Austria’s government is facing backlash for launching an “Islam Map” website that shows the locations of more than 600 mosques and Muslim associations across the country.

The map is intended to “to fight political ideologies, not religion,” Integration Minister Susanne Raab said Thursday. But critics fear that it could lead to hate crimes and argue that it stigmatizes Muslims.

“Imagine if we had a Judaism map or a Christianity map in Austria,” Muslim Austrians Initiative chairman Tarafa Baghajati told broadcaster ORF.

Officials categorize the map as a tool in the fight against “political Islam,” a broad term that Austria’s government uses to refer to any Islamist movement that strives to restructure society according to religious ideals that contradict democratic principles.

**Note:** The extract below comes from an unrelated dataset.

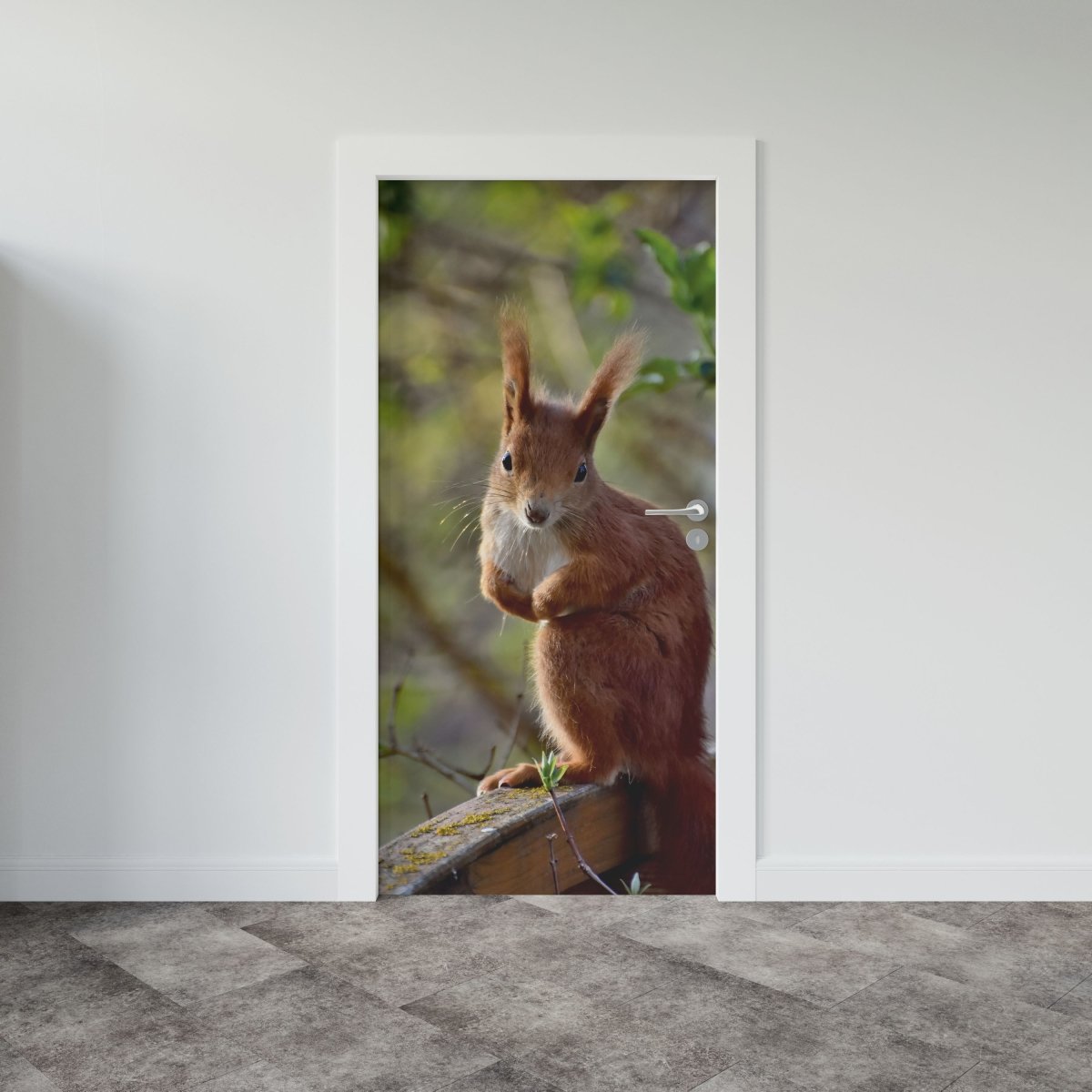 Autocolant ușă Squirrel - clevny.ro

But the organizations listed include cultural centers for Bosnian and Albanian immigrants, youth organizations and sports clubs, often with no evidence of links to extremism.

“We want to use this information to create transparency and not just look at where laws are being violated,” Raab said Thursday, according to Austrian newspaper Kleine Zeitung. “There is no general suspicion of Muslim organizations.” Critics say the map will lead people to be suspicious of Muslim groups. While most of the institutions could easily be found with a quick Google search, Adis Serifovic, chairman of Muslim Youth Austria, told ORF that it also includes youth organizations with private addresses and presents an “enormous security risk.” The group plans to sue over the alleged breach of privacy. Many Muslims living in Austria are of Turkish descent and Turkey’s foreign ministry Friday declared the map “xenophobic, racist and anti-Islamic.” Though the project was initially described as a joint effort by the University of Vienna and the Austrian government’s Documentation Center for Political Islam, university officials have since distanced themselves and demanded that the school’s logo be removed.